Arlington, Virginia—Four years ago, Luke Stewart was roused awake by a police officer knocking on his car window after a neighbor called to report a suspicious man asleep in a car. Stewart, who was unarmed and waiting for his friend to return home, did not do anything to threaten the officer, but the situation quickly escalated to the point that the officer jumped in the car, drew his gun and killed Stewart. Stewart’s family demanded justice and sued the officer and his employer, the city of Euclid, Ohio. Now, after losing in lower courts, their case is pending appeal before the U.S. Supreme Court, which is set to consider whether it will hear the case on Thursday, May 20th.
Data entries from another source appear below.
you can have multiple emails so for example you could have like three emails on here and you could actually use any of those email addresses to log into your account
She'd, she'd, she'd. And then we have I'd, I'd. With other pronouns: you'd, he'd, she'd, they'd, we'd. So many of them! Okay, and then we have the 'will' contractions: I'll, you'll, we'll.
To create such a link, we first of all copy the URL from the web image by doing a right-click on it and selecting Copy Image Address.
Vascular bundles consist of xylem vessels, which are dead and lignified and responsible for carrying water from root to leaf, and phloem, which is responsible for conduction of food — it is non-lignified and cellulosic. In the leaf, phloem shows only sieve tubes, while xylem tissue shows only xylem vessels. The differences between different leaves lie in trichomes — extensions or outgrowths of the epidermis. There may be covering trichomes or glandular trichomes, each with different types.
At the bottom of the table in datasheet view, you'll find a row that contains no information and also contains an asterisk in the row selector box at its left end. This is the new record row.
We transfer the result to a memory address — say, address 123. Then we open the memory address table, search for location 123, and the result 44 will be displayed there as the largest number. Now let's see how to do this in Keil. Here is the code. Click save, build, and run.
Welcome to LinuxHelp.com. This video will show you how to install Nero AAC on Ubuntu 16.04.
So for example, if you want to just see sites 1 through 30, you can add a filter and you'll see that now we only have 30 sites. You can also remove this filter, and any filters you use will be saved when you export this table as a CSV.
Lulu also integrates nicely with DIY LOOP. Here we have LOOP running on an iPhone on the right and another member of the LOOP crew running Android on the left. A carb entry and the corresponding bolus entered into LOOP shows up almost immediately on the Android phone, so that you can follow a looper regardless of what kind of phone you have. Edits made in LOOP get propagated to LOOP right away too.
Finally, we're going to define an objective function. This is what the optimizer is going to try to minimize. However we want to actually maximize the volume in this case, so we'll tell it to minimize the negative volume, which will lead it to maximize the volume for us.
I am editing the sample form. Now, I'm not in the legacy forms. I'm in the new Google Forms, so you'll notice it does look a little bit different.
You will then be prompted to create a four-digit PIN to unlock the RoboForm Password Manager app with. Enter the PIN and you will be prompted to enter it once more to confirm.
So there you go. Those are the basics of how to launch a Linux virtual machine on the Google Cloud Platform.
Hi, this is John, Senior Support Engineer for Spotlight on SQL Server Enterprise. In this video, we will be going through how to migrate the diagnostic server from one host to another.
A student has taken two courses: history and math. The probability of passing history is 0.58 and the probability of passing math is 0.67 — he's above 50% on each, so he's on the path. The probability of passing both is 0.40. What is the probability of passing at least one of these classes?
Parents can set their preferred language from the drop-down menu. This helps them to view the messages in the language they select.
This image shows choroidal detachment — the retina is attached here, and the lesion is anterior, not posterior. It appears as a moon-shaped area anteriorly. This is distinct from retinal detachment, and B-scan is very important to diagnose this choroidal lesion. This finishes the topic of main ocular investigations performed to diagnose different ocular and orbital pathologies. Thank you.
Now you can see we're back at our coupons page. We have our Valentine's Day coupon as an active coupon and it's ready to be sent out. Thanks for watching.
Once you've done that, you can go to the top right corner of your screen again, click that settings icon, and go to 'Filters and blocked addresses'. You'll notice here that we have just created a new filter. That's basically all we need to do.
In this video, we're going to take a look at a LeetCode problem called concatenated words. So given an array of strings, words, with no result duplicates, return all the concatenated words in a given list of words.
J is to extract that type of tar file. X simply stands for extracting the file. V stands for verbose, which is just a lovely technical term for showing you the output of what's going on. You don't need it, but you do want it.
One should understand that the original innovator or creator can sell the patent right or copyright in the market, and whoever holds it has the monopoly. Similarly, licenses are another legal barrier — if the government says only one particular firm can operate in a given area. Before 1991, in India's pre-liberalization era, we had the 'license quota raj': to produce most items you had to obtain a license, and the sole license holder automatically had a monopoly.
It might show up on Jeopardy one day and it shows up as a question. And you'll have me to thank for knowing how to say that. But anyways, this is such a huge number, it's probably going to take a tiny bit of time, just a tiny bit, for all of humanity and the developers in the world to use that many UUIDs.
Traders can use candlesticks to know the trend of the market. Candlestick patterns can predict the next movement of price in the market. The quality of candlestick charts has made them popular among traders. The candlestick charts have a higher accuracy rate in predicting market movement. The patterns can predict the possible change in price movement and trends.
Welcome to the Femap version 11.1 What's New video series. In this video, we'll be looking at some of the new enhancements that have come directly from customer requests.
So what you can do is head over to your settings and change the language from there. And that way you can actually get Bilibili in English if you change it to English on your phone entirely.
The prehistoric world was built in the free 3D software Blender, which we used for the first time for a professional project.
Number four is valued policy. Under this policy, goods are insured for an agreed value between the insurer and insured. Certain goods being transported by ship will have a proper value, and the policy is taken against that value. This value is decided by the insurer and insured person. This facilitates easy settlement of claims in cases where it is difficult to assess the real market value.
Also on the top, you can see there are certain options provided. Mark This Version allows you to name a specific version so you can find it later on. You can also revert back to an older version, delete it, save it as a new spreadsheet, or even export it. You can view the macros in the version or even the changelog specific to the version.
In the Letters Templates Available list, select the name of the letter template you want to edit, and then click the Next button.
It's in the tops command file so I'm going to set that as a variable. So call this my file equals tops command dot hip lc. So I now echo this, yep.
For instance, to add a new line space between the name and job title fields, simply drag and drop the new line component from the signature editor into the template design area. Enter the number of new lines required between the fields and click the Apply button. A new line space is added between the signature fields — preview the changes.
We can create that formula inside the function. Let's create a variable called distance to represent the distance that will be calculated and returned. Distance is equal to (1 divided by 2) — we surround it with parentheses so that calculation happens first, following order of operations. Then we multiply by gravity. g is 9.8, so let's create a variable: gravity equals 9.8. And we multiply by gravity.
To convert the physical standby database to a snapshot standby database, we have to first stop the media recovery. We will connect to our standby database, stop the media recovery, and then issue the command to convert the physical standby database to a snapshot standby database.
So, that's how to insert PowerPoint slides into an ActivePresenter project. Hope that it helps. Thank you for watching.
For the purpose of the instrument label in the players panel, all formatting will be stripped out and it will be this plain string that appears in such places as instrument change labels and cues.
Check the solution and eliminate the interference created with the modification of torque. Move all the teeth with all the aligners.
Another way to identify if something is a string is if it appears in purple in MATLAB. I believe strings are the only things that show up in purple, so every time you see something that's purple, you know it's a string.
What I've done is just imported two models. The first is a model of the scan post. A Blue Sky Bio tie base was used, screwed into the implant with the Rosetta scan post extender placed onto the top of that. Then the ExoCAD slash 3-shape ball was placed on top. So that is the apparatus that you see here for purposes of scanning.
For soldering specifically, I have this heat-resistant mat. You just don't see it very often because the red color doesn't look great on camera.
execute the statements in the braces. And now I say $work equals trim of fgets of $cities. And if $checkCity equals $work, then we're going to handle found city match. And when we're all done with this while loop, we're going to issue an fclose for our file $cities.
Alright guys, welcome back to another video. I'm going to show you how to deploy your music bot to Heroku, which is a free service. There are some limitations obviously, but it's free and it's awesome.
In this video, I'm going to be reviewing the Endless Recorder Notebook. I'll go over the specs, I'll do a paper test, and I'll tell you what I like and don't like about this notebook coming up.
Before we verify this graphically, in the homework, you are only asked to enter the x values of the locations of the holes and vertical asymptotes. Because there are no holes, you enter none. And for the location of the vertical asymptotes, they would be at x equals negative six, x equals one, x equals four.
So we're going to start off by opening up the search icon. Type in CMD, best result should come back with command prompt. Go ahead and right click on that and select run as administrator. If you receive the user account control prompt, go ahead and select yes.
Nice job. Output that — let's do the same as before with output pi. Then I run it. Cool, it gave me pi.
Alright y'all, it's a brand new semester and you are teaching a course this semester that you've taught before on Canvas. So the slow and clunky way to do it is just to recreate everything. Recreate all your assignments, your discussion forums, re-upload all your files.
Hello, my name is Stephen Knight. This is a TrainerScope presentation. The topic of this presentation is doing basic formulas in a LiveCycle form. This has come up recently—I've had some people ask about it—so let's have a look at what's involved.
The Institute for Justice, a nonprofit public interest law firm, filed a brief urging the court to take up the Stewarts’ case.

The case centers around a legal doctrine called “qualified immunity.” The doctrine, which was created by the Supreme Court in 1982, grants government employees like police officers and others near total immunity from being sued for violating someone’s rights. The only exception is if a judge in a previous case has determined that the same action was illegal, which is frustratingly rare.

Originally the doctrine only applied to individual government employees, but courts have increasingly extended it to cover cities, counties and other governmental bodies. In doing so, they’ve deprived aggrieved individuals anyone—or anything—to hold accountable.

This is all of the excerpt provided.